Are you a fan of heist films?

We all grew up on those films. Things like Ocean’s 11 were always an enjoyable watch. The Curse is similarly fun but grounded in the reality of the 80s East End. It’s so different to anything we’ve done. It’s a thriller packaged as a comedy. It looks cool and cinematic too, thanks to James. Comedies don’t always have to look like cheap sitcoms.


What were your influences in the writer’s room?

We were looking at comedies like Eastbound & Down and Peep Show. But we also referenced things like Fargo and The Sopranos. Not to say we’re in that league but if The Curse is 1% as good, that’d be sweet. 


Deep down, is it a story about friendship?

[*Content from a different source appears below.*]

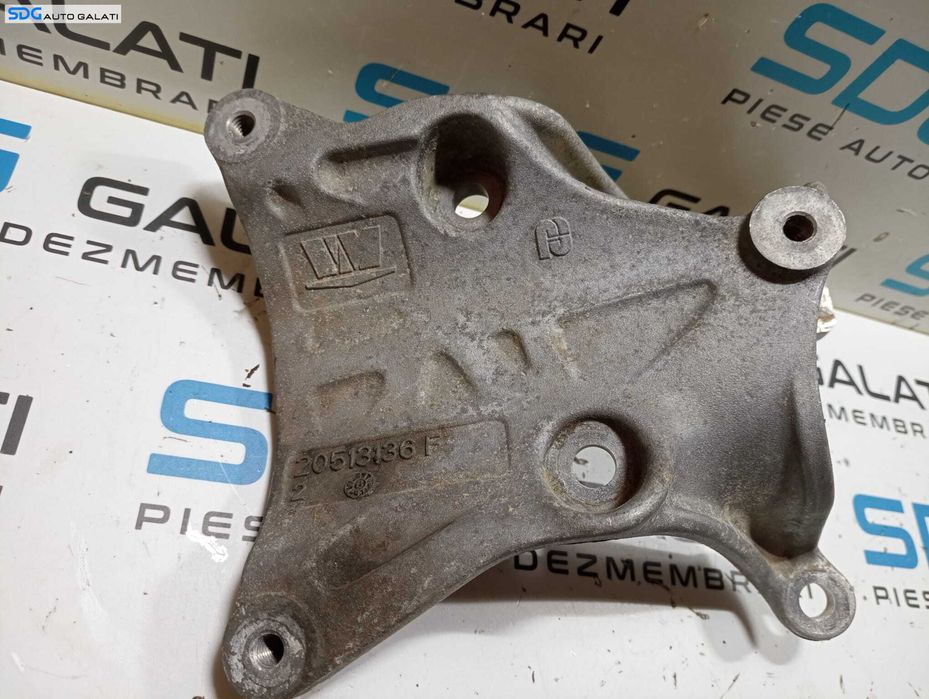 Suport Motor Dodge Nitro 2.8 CRD 2007 - 2012 Cod 20513136F [M7360]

Definitely. Everything we do has friendship at the heart of it. Men are essentially always boys. You might grow up and step up to the plate, but you always end up reverting to your childhood self. There’s a lot of that in these characters. They kind of need each other. 


What do you hope the reaction will be?

BAFTA and an Emmy. Plus maybe a Golden Globe, even though we don’t strictly qualify. No, I just hope people enjoy The Curse because we’re really proud of it.